The answer should be an exact repeat of the stretch of material below from the line containing "Marble sculpture 'Cupid" through the line containing "Rust Map: Procedural".

Records for the exercise >>
'''

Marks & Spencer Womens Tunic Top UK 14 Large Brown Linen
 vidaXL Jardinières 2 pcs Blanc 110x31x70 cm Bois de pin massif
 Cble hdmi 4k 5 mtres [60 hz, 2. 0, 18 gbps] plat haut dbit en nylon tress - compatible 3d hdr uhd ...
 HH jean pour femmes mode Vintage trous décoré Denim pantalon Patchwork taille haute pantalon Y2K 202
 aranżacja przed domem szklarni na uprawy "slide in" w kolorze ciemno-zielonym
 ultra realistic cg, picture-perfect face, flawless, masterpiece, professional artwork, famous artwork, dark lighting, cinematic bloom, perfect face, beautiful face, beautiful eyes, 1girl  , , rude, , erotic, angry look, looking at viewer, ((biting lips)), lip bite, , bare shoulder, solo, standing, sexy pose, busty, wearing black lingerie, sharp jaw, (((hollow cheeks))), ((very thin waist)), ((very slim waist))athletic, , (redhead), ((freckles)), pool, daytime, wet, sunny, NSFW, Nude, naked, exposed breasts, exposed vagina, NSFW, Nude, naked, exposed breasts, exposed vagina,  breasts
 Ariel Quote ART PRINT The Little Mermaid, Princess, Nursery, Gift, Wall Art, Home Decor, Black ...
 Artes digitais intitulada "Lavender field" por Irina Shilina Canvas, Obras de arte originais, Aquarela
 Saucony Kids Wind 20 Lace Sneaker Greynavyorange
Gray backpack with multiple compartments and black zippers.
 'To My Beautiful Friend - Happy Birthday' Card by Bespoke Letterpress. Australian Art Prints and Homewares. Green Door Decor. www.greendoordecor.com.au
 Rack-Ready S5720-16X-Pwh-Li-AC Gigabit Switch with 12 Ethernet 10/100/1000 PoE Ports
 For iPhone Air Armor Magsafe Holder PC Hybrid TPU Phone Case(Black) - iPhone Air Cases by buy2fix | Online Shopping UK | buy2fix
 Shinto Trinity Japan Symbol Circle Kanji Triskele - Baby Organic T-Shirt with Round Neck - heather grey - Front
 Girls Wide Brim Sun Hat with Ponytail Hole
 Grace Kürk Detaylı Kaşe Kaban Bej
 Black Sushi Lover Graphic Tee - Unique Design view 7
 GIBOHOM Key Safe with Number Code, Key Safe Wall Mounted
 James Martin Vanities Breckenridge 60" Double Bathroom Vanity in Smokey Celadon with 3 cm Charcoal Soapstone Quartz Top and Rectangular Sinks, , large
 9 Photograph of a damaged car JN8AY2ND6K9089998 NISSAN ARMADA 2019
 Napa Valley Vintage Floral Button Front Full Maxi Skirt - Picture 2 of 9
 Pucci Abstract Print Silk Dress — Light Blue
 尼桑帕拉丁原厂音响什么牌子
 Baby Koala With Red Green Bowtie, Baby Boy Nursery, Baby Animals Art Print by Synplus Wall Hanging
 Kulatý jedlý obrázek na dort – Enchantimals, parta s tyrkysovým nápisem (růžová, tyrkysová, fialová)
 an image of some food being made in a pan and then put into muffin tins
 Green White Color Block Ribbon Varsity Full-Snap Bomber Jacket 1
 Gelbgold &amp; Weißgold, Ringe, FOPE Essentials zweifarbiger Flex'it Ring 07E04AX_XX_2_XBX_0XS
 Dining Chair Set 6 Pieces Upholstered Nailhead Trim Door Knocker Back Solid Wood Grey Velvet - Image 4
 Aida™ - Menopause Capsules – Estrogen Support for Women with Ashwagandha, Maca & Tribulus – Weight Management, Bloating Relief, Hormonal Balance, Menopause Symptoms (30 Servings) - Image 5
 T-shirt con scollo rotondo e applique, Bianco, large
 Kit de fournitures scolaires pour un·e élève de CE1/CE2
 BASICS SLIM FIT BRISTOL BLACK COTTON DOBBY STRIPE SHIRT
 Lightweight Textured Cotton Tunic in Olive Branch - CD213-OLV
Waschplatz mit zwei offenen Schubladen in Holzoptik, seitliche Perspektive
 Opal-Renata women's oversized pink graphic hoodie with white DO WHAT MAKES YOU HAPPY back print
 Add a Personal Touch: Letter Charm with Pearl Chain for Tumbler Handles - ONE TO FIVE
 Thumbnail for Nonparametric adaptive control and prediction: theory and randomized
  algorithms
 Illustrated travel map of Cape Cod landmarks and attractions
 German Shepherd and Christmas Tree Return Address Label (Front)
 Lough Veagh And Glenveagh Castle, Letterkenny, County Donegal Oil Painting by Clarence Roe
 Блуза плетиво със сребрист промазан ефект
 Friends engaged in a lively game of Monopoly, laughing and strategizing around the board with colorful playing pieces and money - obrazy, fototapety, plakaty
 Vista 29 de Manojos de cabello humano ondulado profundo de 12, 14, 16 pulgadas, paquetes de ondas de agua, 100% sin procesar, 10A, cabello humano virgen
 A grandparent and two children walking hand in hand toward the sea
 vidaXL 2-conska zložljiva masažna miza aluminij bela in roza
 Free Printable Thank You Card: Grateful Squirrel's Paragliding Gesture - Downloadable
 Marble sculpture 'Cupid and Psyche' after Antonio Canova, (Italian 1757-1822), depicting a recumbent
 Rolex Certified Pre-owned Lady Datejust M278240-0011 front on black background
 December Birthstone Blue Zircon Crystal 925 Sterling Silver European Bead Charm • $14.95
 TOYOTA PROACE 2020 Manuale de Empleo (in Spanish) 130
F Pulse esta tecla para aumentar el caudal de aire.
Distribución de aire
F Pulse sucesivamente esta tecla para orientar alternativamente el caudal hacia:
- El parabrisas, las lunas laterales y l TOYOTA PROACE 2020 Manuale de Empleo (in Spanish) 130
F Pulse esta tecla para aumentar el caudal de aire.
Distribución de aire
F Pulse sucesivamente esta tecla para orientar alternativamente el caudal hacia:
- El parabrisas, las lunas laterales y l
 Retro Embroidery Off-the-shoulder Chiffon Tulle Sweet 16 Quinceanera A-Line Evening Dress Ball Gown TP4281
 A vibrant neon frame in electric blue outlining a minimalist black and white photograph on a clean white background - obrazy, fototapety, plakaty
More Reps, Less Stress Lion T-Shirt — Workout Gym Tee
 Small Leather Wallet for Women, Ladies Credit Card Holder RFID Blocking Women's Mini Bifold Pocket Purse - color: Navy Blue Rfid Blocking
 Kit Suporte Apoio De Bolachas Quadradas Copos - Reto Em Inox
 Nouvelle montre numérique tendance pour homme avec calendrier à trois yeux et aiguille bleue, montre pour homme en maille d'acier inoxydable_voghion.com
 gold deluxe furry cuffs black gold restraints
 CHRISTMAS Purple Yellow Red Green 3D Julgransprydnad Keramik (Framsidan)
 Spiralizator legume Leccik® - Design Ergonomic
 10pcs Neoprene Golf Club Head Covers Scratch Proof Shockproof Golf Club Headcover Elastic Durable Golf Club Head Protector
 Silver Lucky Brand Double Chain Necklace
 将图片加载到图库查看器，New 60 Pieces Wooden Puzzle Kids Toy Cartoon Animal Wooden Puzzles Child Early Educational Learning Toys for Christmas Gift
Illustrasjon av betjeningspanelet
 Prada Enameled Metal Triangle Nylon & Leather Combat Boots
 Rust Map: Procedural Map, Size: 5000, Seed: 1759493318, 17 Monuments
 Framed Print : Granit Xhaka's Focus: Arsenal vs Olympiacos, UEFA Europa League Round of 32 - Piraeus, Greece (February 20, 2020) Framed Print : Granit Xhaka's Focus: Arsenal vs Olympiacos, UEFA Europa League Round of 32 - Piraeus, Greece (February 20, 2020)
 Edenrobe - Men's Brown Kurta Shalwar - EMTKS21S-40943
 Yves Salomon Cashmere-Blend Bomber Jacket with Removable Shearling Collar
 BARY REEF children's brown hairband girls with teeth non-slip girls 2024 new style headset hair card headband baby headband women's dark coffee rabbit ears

'''

Answer to this exercise >>
 Marble sculpture 'Cupid and Psyche' after Antonio Canova, (Italian 1757-1822), depicting a recumbent
 Rolex Certified Pre-owned Lady Datejust M278240-0011 front on black background
 December Birthstone Blue Zircon Crystal 925 Sterling Silver European Bead Charm • $14.95
 TOYOTA PROACE 2020 Manuale de Empleo (in Spanish) 130
F Pulse esta tecla para aumentar el caudal de aire.
Distribución de aire
F Pulse sucesivamente esta tecla para orientar alternativamente el caudal hacia:
- El parabrisas, las lunas laterales y l TOYOTA PROACE 2020 Manuale de Empleo (in Spanish) 130
F Pulse esta tecla para aumentar el caudal de aire.
Distribución de aire
F Pulse sucesivamente esta tecla para orientar alternativamente el caudal hacia:
- El parabrisas, las lunas laterales y l
 Retro Embroidery Off-the-shoulder Chiffon Tulle Sweet 16 Quinceanera A-Line Evening Dress Ball Gown TP4281
 A vibrant neon frame in electric blue outlining a minimalist black and white photograph on a clean white background - obrazy, fototapety, plakaty
More Reps, Less Stress Lion T-Shirt — Workout Gym Tee
 Small Leather Wallet for Women, Ladies Credit Card Holder RFID Blocking Women's Mini Bifold Pocket Purse - color: Navy Blue Rfid Blocking
 Kit Suporte Apoio De Bolachas Quadradas Copos - Reto Em Inox
 Nouvelle montre numérique tendance pour homme avec calendrier à trois yeux et aiguille bleue, montre pour homme en maille d'acier inoxydable_voghion.com
 gold deluxe furry cuffs black gold restraints
 CHRISTMAS Purple Yellow Red Green 3D Julgransprydnad Keramik (Framsidan)
 Spiralizator legume Leccik® - Design Ergonomic
 10pcs Neoprene Golf Club Head Covers Scratch Proof Shockproof Golf Club Headcover Elastic Durable Golf Club Head Protector
 Silver Lucky Brand Double Chain Necklace
 将图片加载到图库查看器，New 60 Pieces Wooden Puzzle Kids Toy Cartoon Animal Wooden Puzzles Child Early Educational Learning Toys for Christmas Gift
Illustrasjon av betjeningspanelet
 Prada Enameled Metal Triangle Nylon & Leather Combat Boots
 Rust Map: Procedural Map, Size: 5000, Seed: 1759493318, 17 Monuments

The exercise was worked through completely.